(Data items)

/---

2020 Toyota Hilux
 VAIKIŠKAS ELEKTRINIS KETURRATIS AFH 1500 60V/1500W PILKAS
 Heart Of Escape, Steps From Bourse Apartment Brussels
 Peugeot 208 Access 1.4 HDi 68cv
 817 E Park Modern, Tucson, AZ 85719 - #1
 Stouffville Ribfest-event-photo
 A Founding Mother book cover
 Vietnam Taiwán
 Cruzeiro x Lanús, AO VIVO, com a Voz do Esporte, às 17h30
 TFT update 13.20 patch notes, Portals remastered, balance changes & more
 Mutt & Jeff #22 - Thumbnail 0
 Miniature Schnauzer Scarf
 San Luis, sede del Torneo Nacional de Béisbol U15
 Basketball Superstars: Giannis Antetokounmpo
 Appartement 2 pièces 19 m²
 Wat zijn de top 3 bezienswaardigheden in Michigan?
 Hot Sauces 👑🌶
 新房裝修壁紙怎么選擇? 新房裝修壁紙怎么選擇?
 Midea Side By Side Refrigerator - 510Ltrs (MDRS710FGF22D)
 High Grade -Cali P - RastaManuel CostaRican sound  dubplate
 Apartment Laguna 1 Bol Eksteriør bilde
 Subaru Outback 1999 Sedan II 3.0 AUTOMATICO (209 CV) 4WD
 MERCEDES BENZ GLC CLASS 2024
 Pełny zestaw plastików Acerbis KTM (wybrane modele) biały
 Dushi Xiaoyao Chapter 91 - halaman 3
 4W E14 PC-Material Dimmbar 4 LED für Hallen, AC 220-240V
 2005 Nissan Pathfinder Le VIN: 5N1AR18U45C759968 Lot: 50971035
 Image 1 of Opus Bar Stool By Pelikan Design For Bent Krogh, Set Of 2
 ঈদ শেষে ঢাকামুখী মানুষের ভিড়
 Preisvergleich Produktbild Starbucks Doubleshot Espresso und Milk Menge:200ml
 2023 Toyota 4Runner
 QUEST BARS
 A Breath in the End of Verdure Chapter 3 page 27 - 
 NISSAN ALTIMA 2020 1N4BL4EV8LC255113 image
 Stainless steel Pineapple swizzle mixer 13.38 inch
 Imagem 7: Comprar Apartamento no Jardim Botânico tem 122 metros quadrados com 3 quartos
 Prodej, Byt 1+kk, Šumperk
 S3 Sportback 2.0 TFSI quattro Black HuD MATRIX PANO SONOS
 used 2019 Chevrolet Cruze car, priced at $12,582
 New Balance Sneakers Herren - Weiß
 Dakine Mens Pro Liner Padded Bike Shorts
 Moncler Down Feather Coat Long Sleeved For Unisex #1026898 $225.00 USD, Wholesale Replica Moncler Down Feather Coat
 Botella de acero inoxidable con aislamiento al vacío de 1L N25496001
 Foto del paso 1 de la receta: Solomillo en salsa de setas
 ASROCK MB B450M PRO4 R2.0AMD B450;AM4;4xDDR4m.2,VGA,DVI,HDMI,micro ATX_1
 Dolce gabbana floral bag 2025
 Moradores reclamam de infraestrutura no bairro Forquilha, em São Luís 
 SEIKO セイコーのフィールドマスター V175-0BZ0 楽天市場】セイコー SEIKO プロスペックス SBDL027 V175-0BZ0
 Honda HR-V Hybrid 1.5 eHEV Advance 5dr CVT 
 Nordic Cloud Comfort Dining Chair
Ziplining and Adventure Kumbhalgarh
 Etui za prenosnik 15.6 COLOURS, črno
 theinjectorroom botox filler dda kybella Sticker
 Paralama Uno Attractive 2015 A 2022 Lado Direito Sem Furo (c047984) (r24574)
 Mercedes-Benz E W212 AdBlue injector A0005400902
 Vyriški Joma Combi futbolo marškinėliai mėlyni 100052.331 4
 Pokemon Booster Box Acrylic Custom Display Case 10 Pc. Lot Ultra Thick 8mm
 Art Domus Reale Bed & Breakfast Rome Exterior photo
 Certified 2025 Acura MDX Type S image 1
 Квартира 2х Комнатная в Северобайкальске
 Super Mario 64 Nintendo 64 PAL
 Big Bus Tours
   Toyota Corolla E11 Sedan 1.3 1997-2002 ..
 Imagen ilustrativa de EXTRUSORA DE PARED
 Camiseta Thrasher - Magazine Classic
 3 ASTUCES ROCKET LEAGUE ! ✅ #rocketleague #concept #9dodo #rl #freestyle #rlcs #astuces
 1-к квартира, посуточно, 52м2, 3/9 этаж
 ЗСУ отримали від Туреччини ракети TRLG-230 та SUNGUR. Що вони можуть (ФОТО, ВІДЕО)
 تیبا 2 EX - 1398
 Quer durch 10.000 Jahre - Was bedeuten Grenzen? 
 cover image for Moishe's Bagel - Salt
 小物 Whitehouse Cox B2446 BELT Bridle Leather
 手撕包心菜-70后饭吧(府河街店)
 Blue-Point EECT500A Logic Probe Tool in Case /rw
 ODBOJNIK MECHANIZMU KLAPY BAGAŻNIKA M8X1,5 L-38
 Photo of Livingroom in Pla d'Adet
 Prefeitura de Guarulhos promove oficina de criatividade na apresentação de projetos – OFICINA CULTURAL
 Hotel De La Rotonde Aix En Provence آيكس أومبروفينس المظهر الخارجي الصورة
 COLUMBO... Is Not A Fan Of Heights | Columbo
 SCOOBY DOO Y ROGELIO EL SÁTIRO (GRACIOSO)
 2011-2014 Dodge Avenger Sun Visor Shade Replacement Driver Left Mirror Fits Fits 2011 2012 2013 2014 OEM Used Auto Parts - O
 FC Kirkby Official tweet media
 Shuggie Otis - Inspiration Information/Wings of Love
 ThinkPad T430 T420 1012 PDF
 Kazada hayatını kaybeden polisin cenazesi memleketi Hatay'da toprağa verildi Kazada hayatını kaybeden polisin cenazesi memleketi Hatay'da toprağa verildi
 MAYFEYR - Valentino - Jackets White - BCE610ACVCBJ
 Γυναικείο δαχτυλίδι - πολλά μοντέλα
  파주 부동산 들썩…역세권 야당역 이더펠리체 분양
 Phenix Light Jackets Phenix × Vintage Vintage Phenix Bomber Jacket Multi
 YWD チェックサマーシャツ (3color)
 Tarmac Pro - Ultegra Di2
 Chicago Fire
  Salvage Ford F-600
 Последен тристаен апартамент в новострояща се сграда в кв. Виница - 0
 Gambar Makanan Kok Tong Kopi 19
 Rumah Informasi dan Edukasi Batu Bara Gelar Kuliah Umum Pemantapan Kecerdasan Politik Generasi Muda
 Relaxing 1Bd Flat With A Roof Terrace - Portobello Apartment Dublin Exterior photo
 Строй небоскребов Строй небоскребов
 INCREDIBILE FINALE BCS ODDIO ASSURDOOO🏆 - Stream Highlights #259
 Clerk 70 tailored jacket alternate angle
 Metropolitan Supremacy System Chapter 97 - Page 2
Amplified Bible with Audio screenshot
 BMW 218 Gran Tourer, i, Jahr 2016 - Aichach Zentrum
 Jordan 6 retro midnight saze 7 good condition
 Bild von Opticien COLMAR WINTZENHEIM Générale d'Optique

\---

TO DO
From the records above, copy out the line with "Wat zijn de", the line with "Dakine Mens Pro Liner Padded Bike Shorts", and every line between them, word for word.

REPLY TO THE EXERCISE
 Wat zijn de top 3 bezienswaardigheden in Michigan?
 Hot Sauces 👑🌶
 新房裝修壁紙怎么選擇? 新房裝修壁紙怎么選擇?
 Midea Side By Side Refrigerator - 510Ltrs (MDRS710FGF22D)
 High Grade -Cali P - RastaManuel CostaRican sound  dubplate
 Apartment Laguna 1 Bol Eksteriør bilde
 Subaru Outback 1999 Sedan II 3.0 AUTOMATICO (209 CV) 4WD
 MERCEDES BENZ GLC CLASS 2024
 Pełny zestaw plastików Acerbis KTM (wybrane modele) biały
 Dushi Xiaoyao Chapter 91 - halaman 3
 4W E14 PC-Material Dimmbar 4 LED für Hallen, AC 220-240V
 2005 Nissan Pathfinder Le VIN: 5N1AR18U45C759968 Lot: 50971035
 Image 1 of Opus Bar Stool By Pelikan Design For Bent Krogh, Set Of 2
 ঈদ শেষে ঢাকামুখী মানুষের ভিড়
 Preisvergleich Produktbild Starbucks Doubleshot Espresso und Milk Menge:200ml
 2023 Toyota 4Runner
 QUEST BARS
 A Breath in the End of Verdure Chapter 3 page 27 - 
 NISSAN ALTIMA 2020 1N4BL4EV8LC255113 image
 Stainless steel Pineapple swizzle mixer 13.38 inch
 Imagem 7: Comprar Apartamento no Jardim Botânico tem 122 metros quadrados com 3 quartos
 Prodej, Byt 1+kk, Šumperk
 S3 Sportback 2.0 TFSI quattro Black HuD MATRIX PANO SONOS
 used 2019 Chevrolet Cruze car, priced at $12,582
 New Balance Sneakers Herren - Weiß
 Dakine Mens Pro Liner Padded Bike Shorts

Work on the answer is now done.